Investigation queries

Find initial access:

# Kibana Query Language (KQL)
# All authentication events for compromised user around incident time
user_id: "compromised_user" AND event: (login* OR auth*) 
AND @timestamp >= "2024-01-15T00:00:00" AND @timestamp <= "2024-01-15T23:59:59"
| sort @timestamp

# Loki LogQL
{job="app"} | json | user_id="compromised_user" | line_format "{{.timestamp}} {{.event}} {{.ip_address}}"

Trace attacker movement:

# All events from attacker's IP
ip_address: "1.2.3.4" | sort @timestamp

# All events from compromised session
session_id: "abc123" | sort @timestamp

# Commands executed on compromised host
host: "compromised-server" AND event: "command_execution" | sort @timestamp

Identify data access:

# Data accessed by compromised account
user_id: "compromised_user" AND event: (data_access OR data_export OR file_download)

# Unusual queries against database
source: database AND query_type: SELECT AND tables: (users OR payments OR credentials)

Build timeline:

def build_incident_timeline(start_time, end_time, indicators):
    """
    Build timeline from logs using IOCs
    indicators = {
        "ip_addresses": ["1.2.3.4"],
        "user_ids": ["compromised_user"],
        "session_ids": ["abc123"],
        "hosts": ["compromised-server"]
    }
    """
    timeline = []
    
    # Query each indicator type
    for ip in indicators.get("ip_addresses", []):
        events = query_logs(f"ip_address:{ip}", start_time, end_time)
        timeline.extend(events)
        
    for user_id in indicators.get("user_ids", []):
        events = query_logs(f"user_id:{user_id}", start_time, end_time)
        timeline.extend(events)
    
    # Deduplicate and sort
    timeline = sorted(set(timeline), key=lambda e: e.timestamp)
    
    return timeline

Investigation checklist

## Incident Investigation Checklist

### Initial Response
- [ ] Document alert details (time, type, affected systems)
- [ ] Assign incident owner
- [ ] Open incident ticket
- [ ] Notify relevant stakeholders

### Scoping
- [ ] Identify all affected user accounts
- [ ] Identify all affected systems/hosts
- [ ] Identify all IP addresses involved
- [ ] Determine time range of activity

### Evidence Collection
- [ ] Export relevant logs (preserve originals)
- [ ] Capture network traffic if ongoing
- [ ] Take memory dumps if needed
- [ ] Screenshot any relevant dashboards

### Analysis
- [ ] Build timeline of events
- [ ] Identify initial access vector
- [ ] Map lateral movement
- [ ] Identify data accessed/exfiltrated
- [ ] Identify persistence mechanisms

### Containment
- [ ] Block malicious IPs
- [ ] Disable compromised accounts
- [ ] Isolate compromised systems
- [ ] Revoke compromised credentials

### Documentation
- [ ] Write incident summary
- [ ] Create detailed timeline
- [ ] Document root cause
- [ ] List remediation actions
- [ ] Schedule post-mortem

Common mistakes to avoid

Logging only errors. Normal operations matter for security. You need successful logins to detect compromised accounts, successful API calls to detect data exfiltration. Log INFO-level events.

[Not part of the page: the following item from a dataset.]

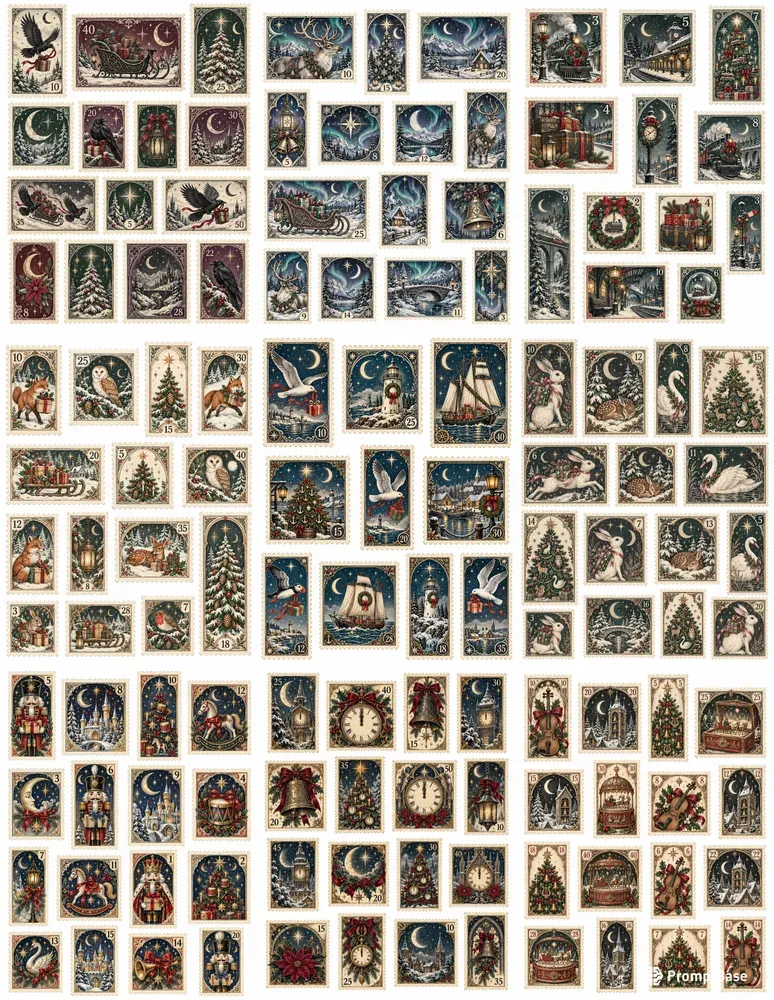 Gothic Christmas Stamp Sheets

No timestamp or wrong timezone. Logs without timestamps are useless for investigation. Use ISO 8601 format with UTC timezone everywhere.

Logging sensitive data. Passwords, tokens, credit cards in logs create a new vulnerability. Mask or exclude sensitive fields.

No log rotation. Disks fill up, applications crash. Set up rotation and retention from day one.

Alerts without runbooks. An alert fires at 3am. What should the on-call person do? Document response procedures for each alert type.

Too many alerts. Alert fatigue kills security. If you're ignoring alerts, you're not monitoring. Tune thresholds and suppress noise.

Logs only on application servers. Security events happen everywhere — firewalls, databases, cloud APIs, load balancers. Collect them all.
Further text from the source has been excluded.